Por outro lado, esse parecer acaba por não ser relevante, uma vez que, na época, era normal que muitas pessoas dissessem ter visões ou afirmassem receber mensagens de Deus.

“Houve grandes líderes espirituais mulheres, como Santa Teresa de Ávila na Itália, Santa Hildegarda de Bingen e várias mulheres místicas que ouviram vozes que as levaram ao triunfo e a ganhar a admiração do povo”, diz Seidel.

Seidel realça que o mais interessante é que um dos santos que inspira Joana é Miguel, “um santo militar, que lidera o exército à vitória no fim dos tempos”.

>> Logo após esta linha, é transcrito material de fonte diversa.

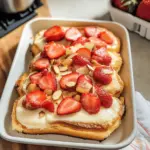 Brioche casserole with strawberries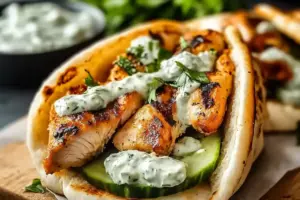 Gyros de poulet grec authentiques avec tzatziki maison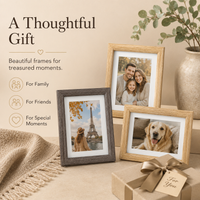 Classic Woodgrain 6 Inch Photo Frame with White Mat Border for 4x6 Pictures Home Decor Wedding Gift
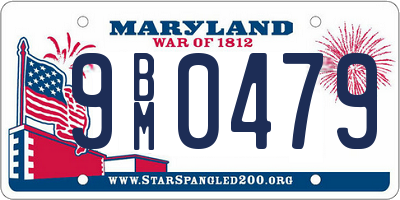 MD license plate 9BM0479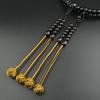 Men's Rosary 12-inch Zhenfen ruler Includes rosary pouch Koyasan Honren (Black/Gold-brown two-tone Oda-maki tassel)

Quando Joana foi levada a julgamento pela Igreja, o processo concentrou-se na origem das suas visões. Segundo os historiadores, não se tratava de entender se Joana tinha ouvido vozes ou não, mas sim de elucidar a sua procedência.

Queimada na fogueira
Apesar de ser respeitada e seguida pelo rei e pelos discípulos, Joana viu a sua sorte mudar drasticamente. Em maio de 1430 foi raptada por soldados franceses aliados de Inglaterra, vendida aos ingleses e condenada, sendo depois queimada na fogueira. “Todo o seu corpo se transformou em cinzas, não sobrou nada”, explica Seidel.

A execução de Joana d’Arc
A especialista frisa que “os ingleses não queriam que restasse nenhum sinal dela, nenhuma relíquia que pudesse ser recuperada e que pudesse inspirar um movimento religioso em seu nome”. Na altura, o Rei Carlos VII não conseguiu interceder de modo a proteger Joana. “O silêncio foi sua resposta”.

O rei limitou-se a escrever uma carta a comunicar que Joana tinha-se tornado muito arrogante, orgulhosa e havia deixado de ouvir o rei, por isso acabou por ser raptada e não contava mais com o apoio de Deus.

Depois da sua morte, demorou quase um quarto de século para que a atenção se centrasse novamente na sua história. Após vários anos, o julgamento foi revisto e anulado, e a heroína foi declarada inocente da acusação de heresia.

Vinte e cinco anos após a sua morte, França havia saído vitoriosa, o reino estava reunificado sob o comando de Carlos VII, as cortes floresciam e a arte e a poesia tinham recuperado os seus sinais vitais.